This article is part of our Design special section about water as a source of creativity.
In the middle of Milan Design Week last month, in the middle of the Bagni Misteriosi — a historic bathing complex in the Porta Romana neighborhood — the Italian luxury shipbuilder Azimut Yachts hosted an unusual exhibition. It was a celebration of the company’s latest offering: the Seadeck 6, which made its debut last year and features interiors by the design team of Matteo Thun and Antonio Rodriguez.
Having been lowered into the facility by crane, the nearly 60-foot vessel was set afloat in an outdoor swimming pool. There it bobbed, traversed by hordes of well-coiffed guests while a concealed apparatus shrouded it in bursts of atmospheric steam. Surreal, elegant, not a little absurd, it was a scene straight out of Fellini, with overtones of Werner Herzog’s boat-hoisting epic “Fitzcarraldo.”

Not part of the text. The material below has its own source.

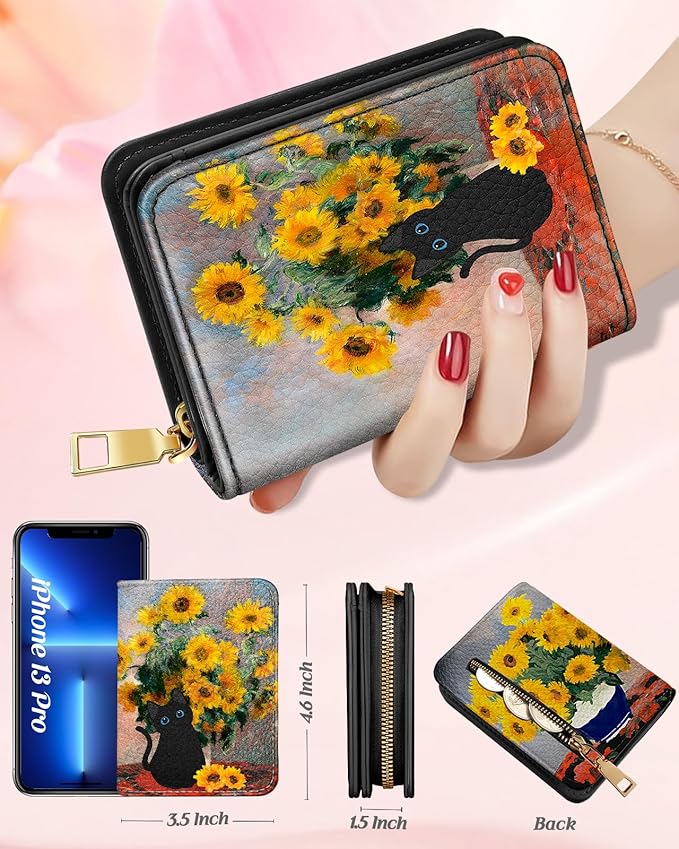 Bistup Credit Card Holder Wallet for Women Cute Leather Ladies Teen Girls Female Cardholder Wallets Accordion Purse Small Medium Aesthetic Print Sunflower Cat Modern Design Rfid Zipper Around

But the thing that made it most unusual? “Azimut wanted to make this the most sustainable boat on the market,” Mr. Rodriguez said. “We tried to do that.”
The ultimate playthings for the ultrawealthy, high-end pleasure craft would not seem optimal candidates for greening. Yet a growing number of manufacturers and designers are trying to change that, producing yachts both large and (comparatively) small assembled from fewer and less carbon-intensive materials, requiring a fraction of the power to run and drawing more of their energy from renewable sources.
In a peculiar twist for an industry uniquely exposed to supply-chain shocks and the vicissitudes of geopolitics (the loss of the once-lucrative Russian market continues to smart), global brand leaders appear to be making the move toward energy efficiency of their own accord, rather than in response to any explicit demand from their clientele.